If Army researchers have their way, future soldiers will move through battlefields wearing networked uniforms with built-in sensors, which will have wide implications for civilian products.
With an investment of $10m annually, the Army is looking to collaborate with a to-be-decided university to start an Institute for Soldier Nanotechnologies. This institute will incorporate cyberspace, as well as other smatterings of technology, into the clothes the men and women of the military will wear in the 21st century.
Nanotechnology entails the manipulation of matter on a molecular level, and holds the promise of the discovery of new materials with unique properties.
In addition to transforming uniforms, Army brass expect the institute to spawn technologies and products that will be embraced by civilians, said Dr. Michael Andrews, deputy assistant secretary of the Army for research and technology, and chief scientist.
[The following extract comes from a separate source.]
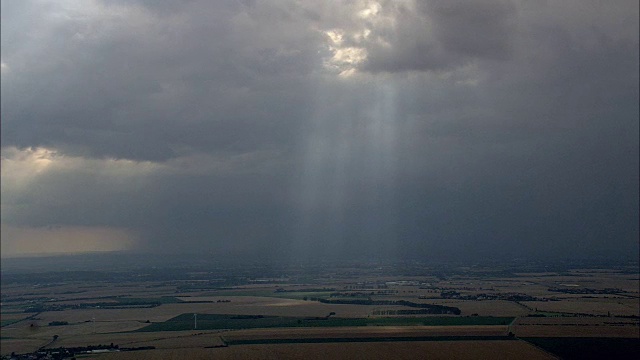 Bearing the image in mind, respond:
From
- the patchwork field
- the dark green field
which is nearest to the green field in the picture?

"We want to provide a good level of capability for our soldiers that will translate itself into commercial use for police or doctors -- for those who may have to go into a chemical or biological environment," Andrews said.
Among other things, the Army envisions creating uniforms that will monitor soldiers' vital signs on a real-time basis and even send back images to commanders.
The Army believes that many technology-transfer fruits will be borne from the research into materials that will make the uniforms nearly impenetrable by ballistics, yet lightweight, and able to repel biological and chemical agents while absorbing oxygen. Even in the early stages of planning for the centre, Army officials are pointing toward the potential for networked computing benefits to society at large, such as the incorporation of biosensors in clothing that could constantly monitor people's health status, Andrews said.
Tom Kalil, former President Bill Clinton's chief technology adviser, praised the institute plan, and predicted that nanoscience investments by government will surely benefit society.
Such research, said Kalil, now an adjunct fellow at the New America Foundation, "could lead to technological breakthroughs as significant as the development of electricity, the transistor and the Internet".
"Clearly, there are military applications of nanotechnology," he said, "but there are also many more civilian benefits, and some that could have 'dual-use' benefits -- such as nano-engineered uniforms for police, or biosensors that could provide much earlier detection of diseases."
The investment in the institute will be one of largest the Army has made in a single university, said Dr Henry Everitt, a physicist and program manager at the Army Research Office.
The new institute will be "an important step for the nanotechnology research community", said Philip Kuekes, a computer architect in quantum science research who specialises in nanotechnology at HP Labs. "Right now, at the beginning of the century, the scientific community recognises a big opportunity in nanotechnology."
Kuekes said the blending of nanotechnology and clothing makes sense, given the computer's evolution from an "air-conditioned beast in a basement somewhere" to something people carry around with them. "I think it's an interesting area of research."